THE founder of an award-winning Malvern company has died at the age of 90.

Steve Trudgill, 90, created Malvern Instruments, which makes scientific equipment and has been a major employer in the town since 1962.

Mr Trudgill was born in Nelson, Lancashire, and started his working career aged 17 as an apprentice at the defence electronics establishment that later became QinetiQ.

This was during the early years of the war, and Mr Trudgill worked with some of the top engineers in the country to develop radar, a significant contribution to the winning of the war. He spent the next 20 years at the establishment, becoming a senior experimental officer.

Mr Trudgill married Evelyn in 1947 and at the same time started up a business repairing old televisions, which developed into a mail-order TV tube business.

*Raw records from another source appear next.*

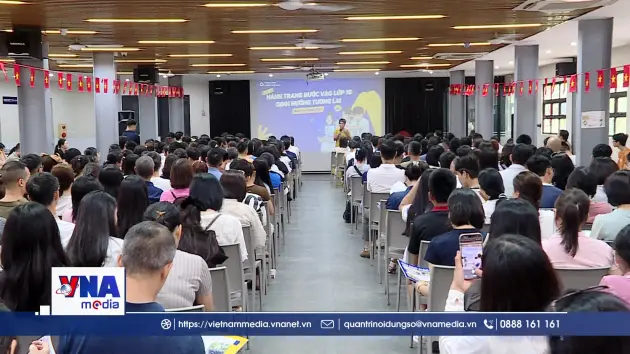 Đồng hành cùng học sinh trong lựa chọn tổ hợp môn lớp 10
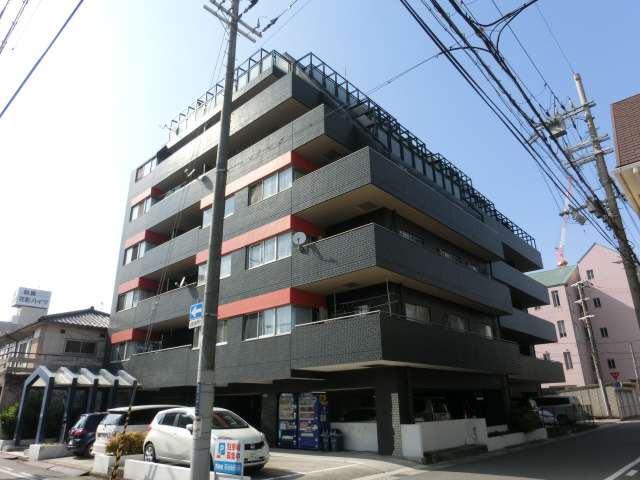 ルークレジデンス姫路Ⅰ外観写真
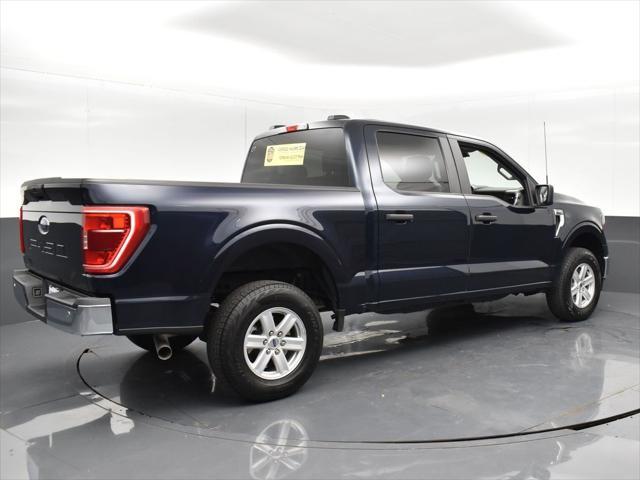 used 2023 Ford F-150 car, priced at $37,433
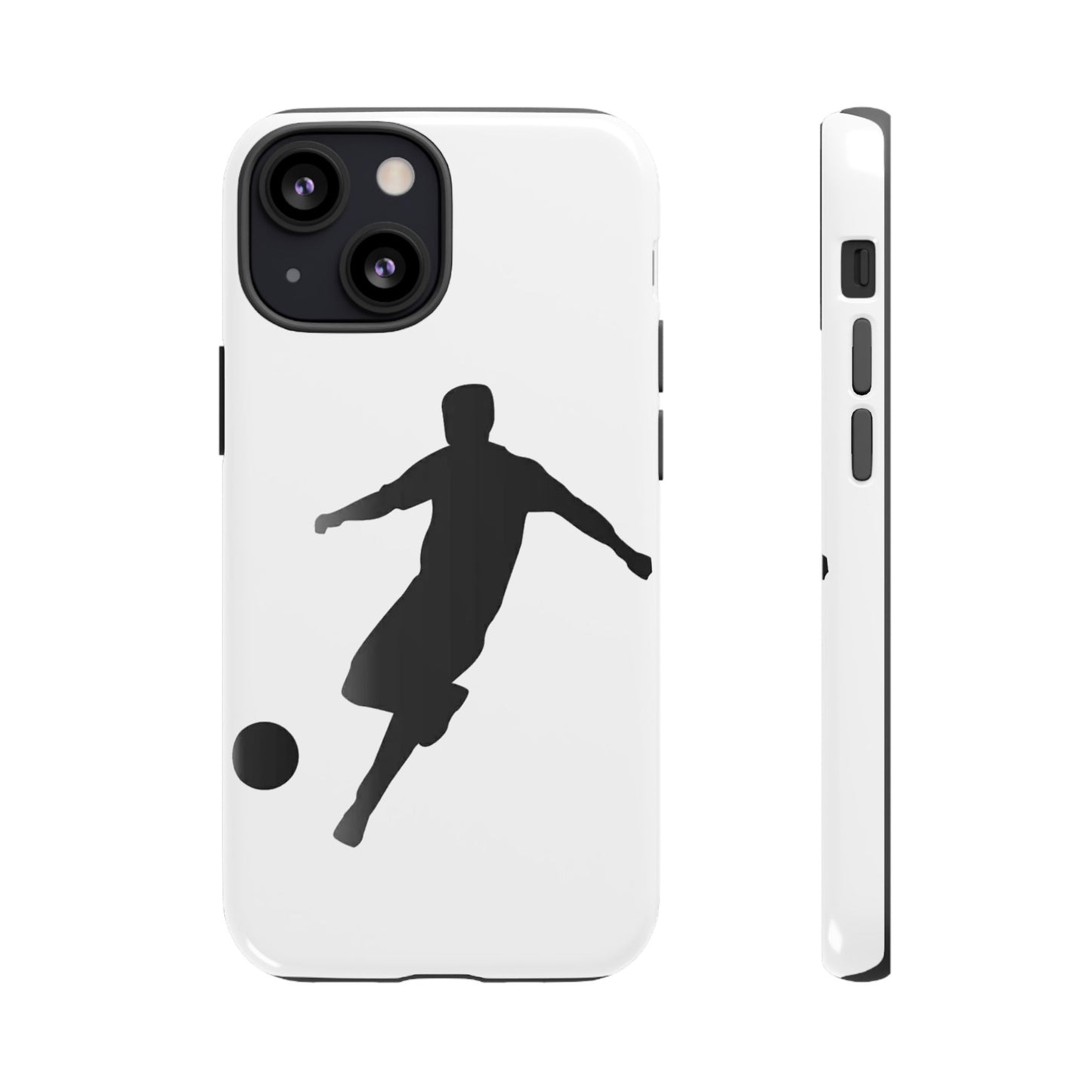 Foot Baller - Whimsical Phone Cases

In 1961, he got together with Bill Woodley and Arthur Kitson to found Precision Display Systems, with Mr Trudgill as managing director, supplying cathode-ray tube mounting units and focus coils to electronics company Ferranti.

The business expanded and in 1965, it moved to Spring Lane North. Its product portfolio expanded further and 1971 there was another move to Spring Lane South, and a name change to Malvern Instruments Ltd.

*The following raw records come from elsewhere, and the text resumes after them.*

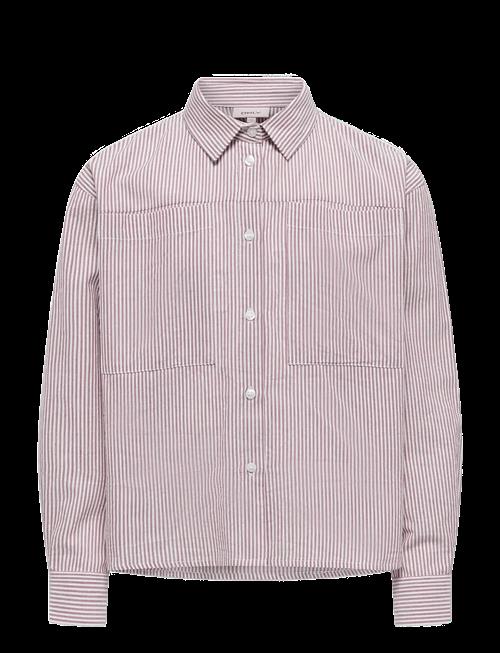 Kids Only | Kogsmilla Life Striped Knot Shirt Vd Wvn | 152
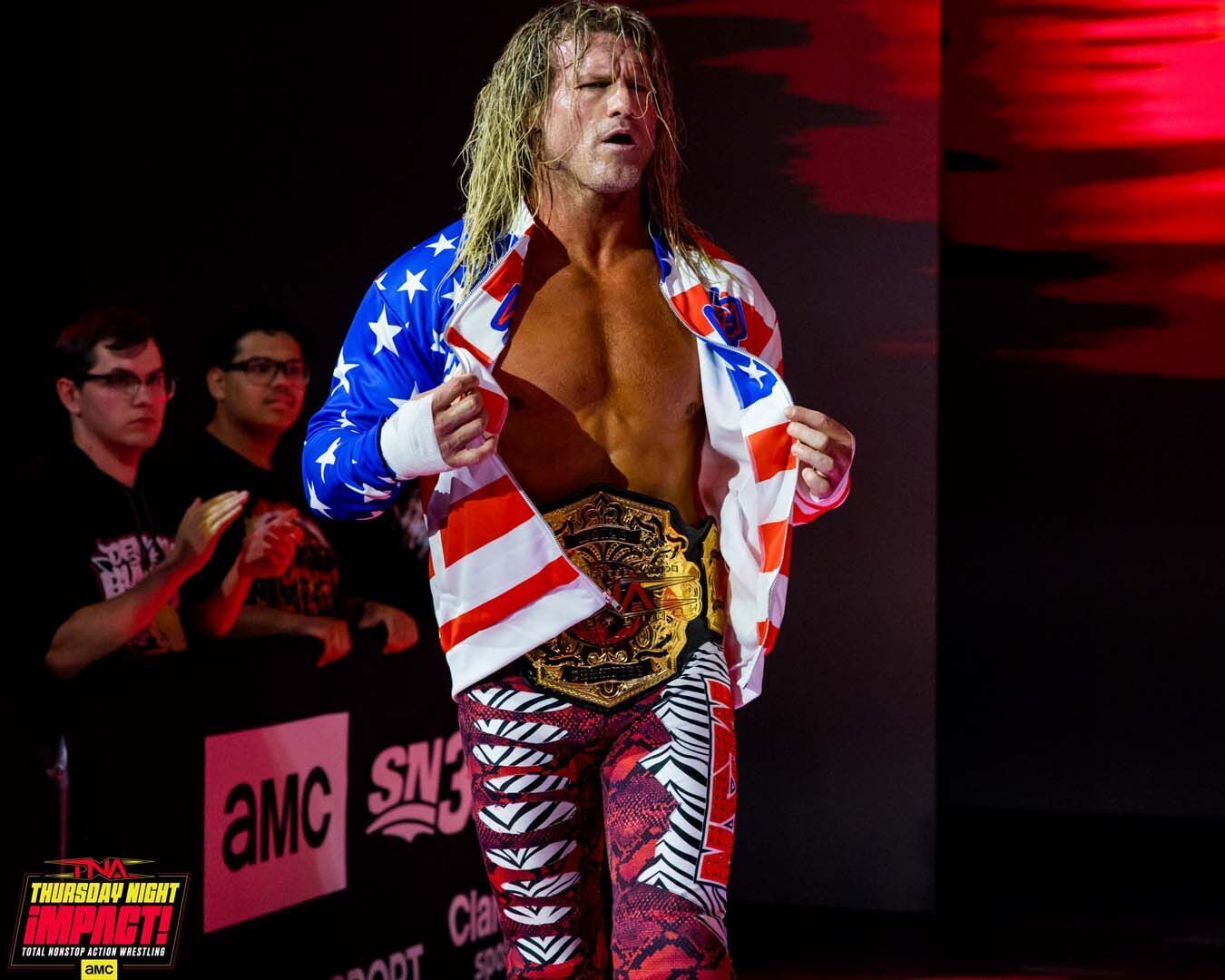 TNA Thursday Night iMPACT! on AMC: July 23, 2026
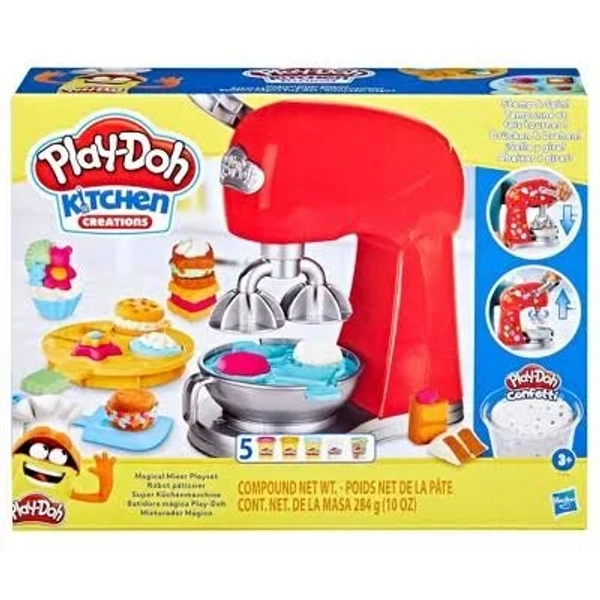 Hasbro Play-Doh Magical Mixer Playset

In 1977, the company won the Queen’s Award for Technological Achievement and the MacRobert award, recognising its successful development of innovative engineering ideas. It won three further Queen’s Awards between 1981 and 1988.

The success of the business attracted interest from potential buyers and Mr Trudgill sold the business to Cray in 1985, finally leaving in 1988.

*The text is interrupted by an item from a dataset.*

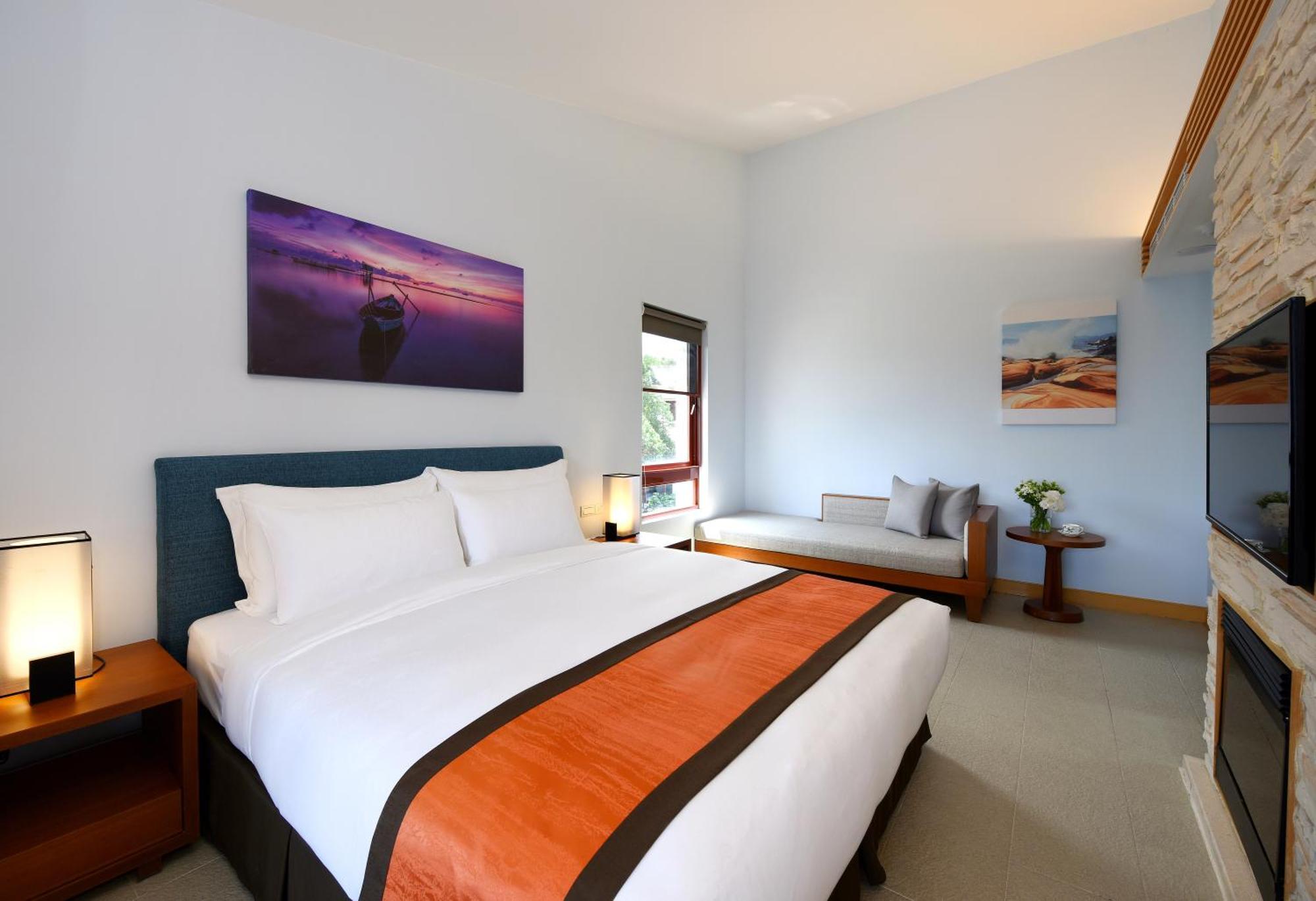Fullon Hotel Fulong Gongliao Township Экстерьер фото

Now a world-leading company employing 897 people, 375 in Malvern, it continues to develop technically innovative products, building on Mr Trudgill’s innovation and leadership.

Once he left the business, Mr Trudgill concentrated on his many hobbies, which included fly fishing, photography, motorbikes and cars, although steam locomotives were his passion, emphasised by the building of a working steam locomotive railway system in his back garden.

Mr Trudgill’s wife died in 2007. He is succeeded by four children, ten grandchildren and five great-grandchildren.